Universal Supports benefit all students
- Create an understanding about what anger is through class discussion, examples from literature and brainstorming.
- Help students use reframing to change their perception of situations they might typically associate with feeling angry.
- Help students to recognize early warning signs of anger, such as a pounding heart, feeling hot and clenching teeth.
- Teach anger management strategies that students can use when they begin to feel angry, such as:
- using positive visualization prior to a difficult activity or situation
- recognizing stress in their bodies and taking time to calm down
- using self-talk to calm themselves down (e.g., "I am calm" or counting to 10).
- Teach, practise and review strategies related to anger management at the beginning of the school year and throughout potentially stressful times of the year (e.g., holidays, exam time).
- Set up a safe place in
the classroom where individual students can go to calm down,
think about their choices and, if needed, make a plan before
rejoining the group. Post visual reminders of strategies students can use to make a plan, in the safe place.
- Post visual reminders of
strategies for reframing and managing anger. When appropriate,
collaborate with students to develop these visual reminders.
- Teach and reinforce social problem-solving skills.
- Use descriptive feedback to reinforce individual students when they demonstrate effective strategies for managing anger.
Targeted Supports benefit students with more specific needs
- Pair individual students with positive peers who can serve as role models and provide support during potential anger-producing situations. Rotate these peers at regular intervals throughout the school year.
- Provide proximity by positioning yourself nearby individual students who may require support and encouragement during potential anger-producing situations.
- Intersperse activities in which students experience success with activities that typically cause frustration for them in order to help them to regain control of their frustrations.

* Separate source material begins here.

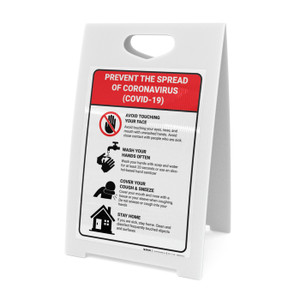 Prevent The Spread of Coronavirus (Covid-19) - A-Frame Sign Prevent The Spread of Coronavirus (Covid-19) - A-Frame Sign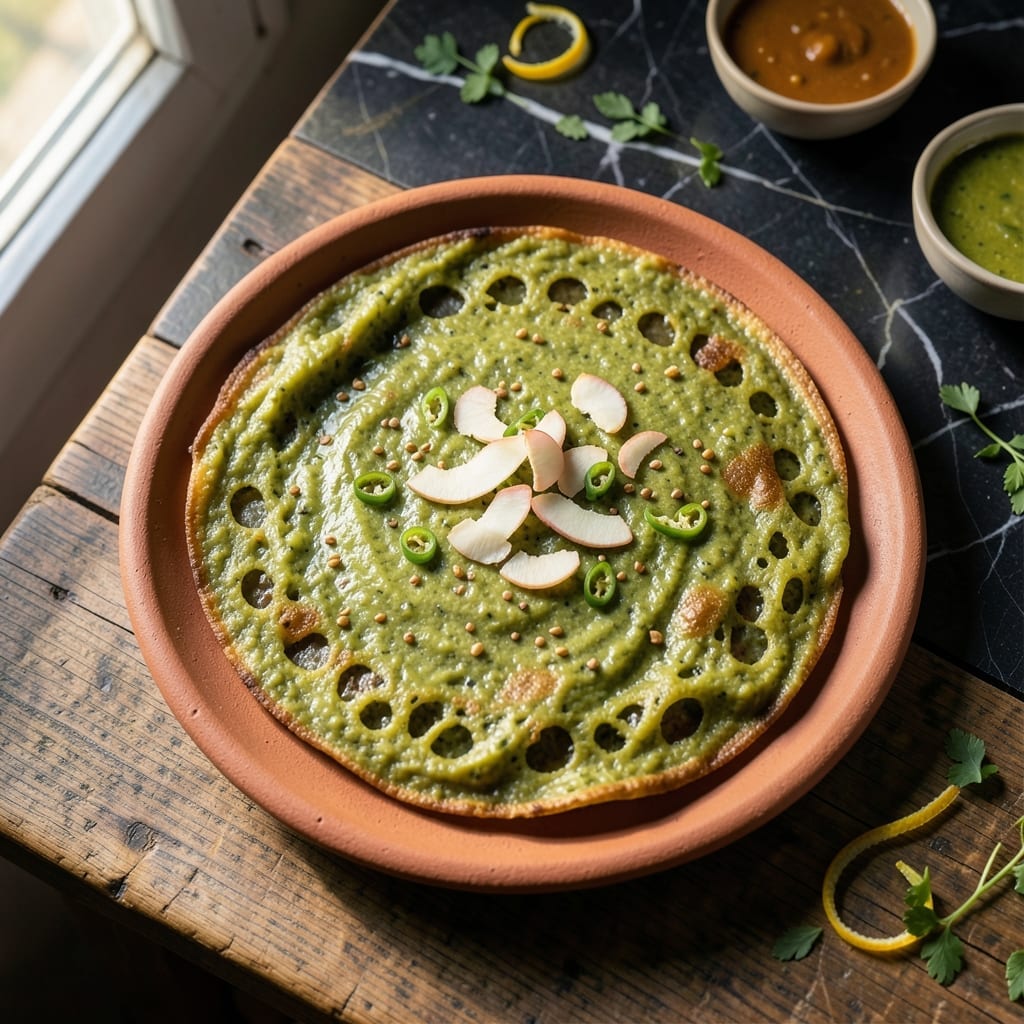 Recipe of Green Moong Dal Chilla: Protein-Packed Savory Pancakes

- Work with individual students to develop low-key cues and prompts to alert them to anger-producing situations and/or to remind them to use their anger management strategies.
- For students with excess physical energy, create multiple opportunities for movement throughout the school day. This will help them release frustration and be more able to recognize and manage anger.
- Work with individual students to develop low-key cues and
prompts to alert them to anger-producing situations and/or to remind them to use their anger management strategies.
- Work with the student to personalize strategies to help alleviate or reduce anger (e.g., when working with others in a small group situation becomes stressful, limit group work for short, structured tasks only).
- For students who need structure and reassurance, develop and review social stories for managing typical situations that they may find anger-producing.
- Practise managing anger through role-playing situations that students identify as causing anger.
- Develop self-monitoring strategies for students to reflect on and keep track of how they manage anger throughout the school day.
- Set up a systematic approach to reinforcement for students who are working on recognizing and managing their own anger.
Parents know their children well and can offer insights on how to support
their social and emotional well-being. There is strength in collaborating
on strategies that could be used at home, at school and in the community.
Specialized Supports benefit the small number of students with sensory, physical, cognitive or behavioural needs that require intensive, individualized interventions
- Consider time-limited participation for specific activities that trigger intense anger for an individual student. They may benefit from participating in part of the activity and, if possible, gradually increase their participation time throughout the school year.
- Develop an individual behaviour support plan focused on managing anger that could include reinforcement strategies. Collaborate with the student's family and other community service providers to develop supports and strategies for this student.